_What is required:_ Give the entries back exactly as they stand, but without pictures.

_Provided material:_
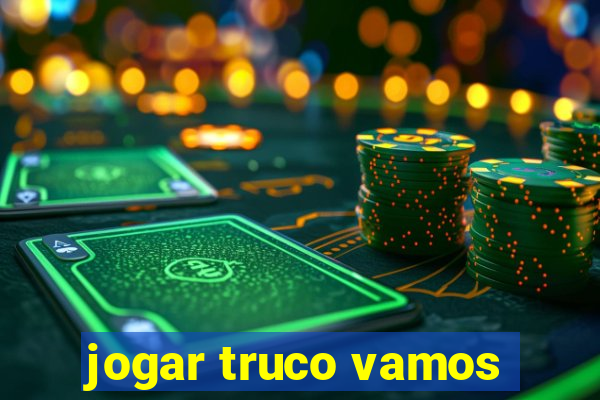 jogar truco vamos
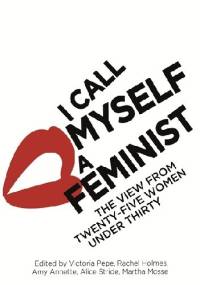 I Call Myself A Feminist - Victoria Pepe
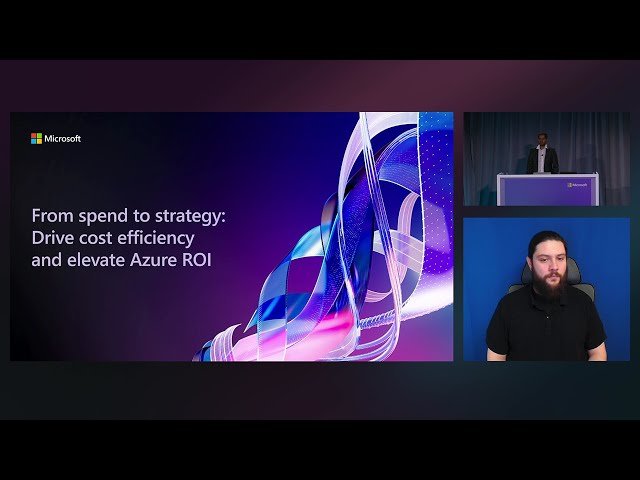 From Spend to Strategy - Drive Cost Efficiency and Elevate Azure ROI
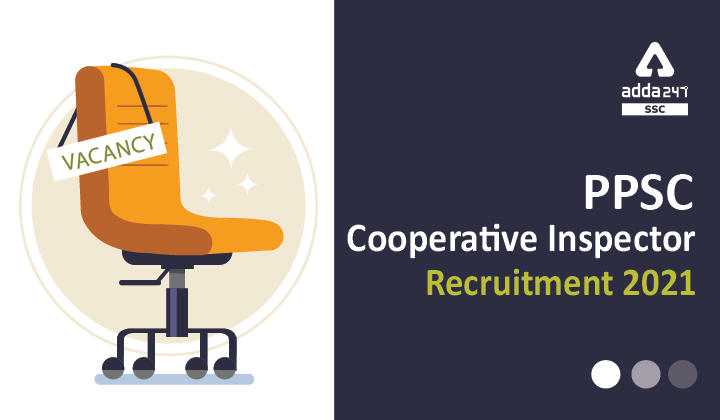 PPSC Cooperative Inspector Recruitment 2021: Last Date to Apply Online for 320 Vacancies_40.1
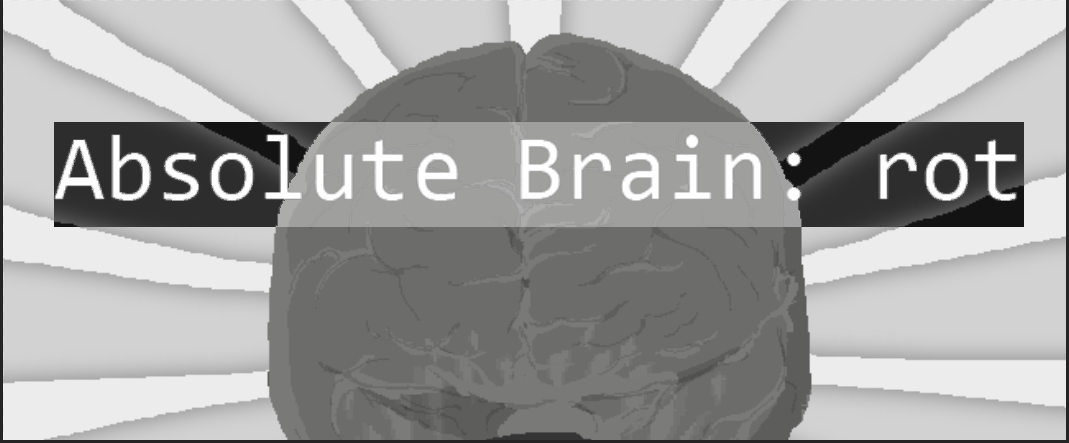 Absolute Brain: rot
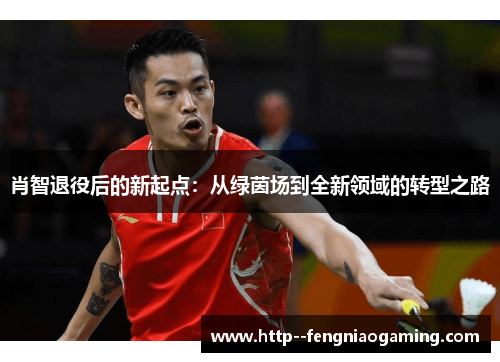 肖智退役后的新起点:从绿茵场到全新领域的转型之路 肖智退役后的新起点:从绿茵场到全新领域的转型之路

_Response area:_
 jogar truco vamos
 I Call Myself A Feminist - Victoria Pepe
 From Spend to Strategy - Drive Cost Efficiency and Elevate Azure ROI
 PPSC Cooperative Inspector Recruitment 2021: Last Date to Apply Online for 320 Vacancies_40.1
 Absolute Brain: rot
 肖智退役后的新起点:从绿茵场到全新领域的转型之路 肖智退役后的新起点:从绿茵场到全新领域的转型之路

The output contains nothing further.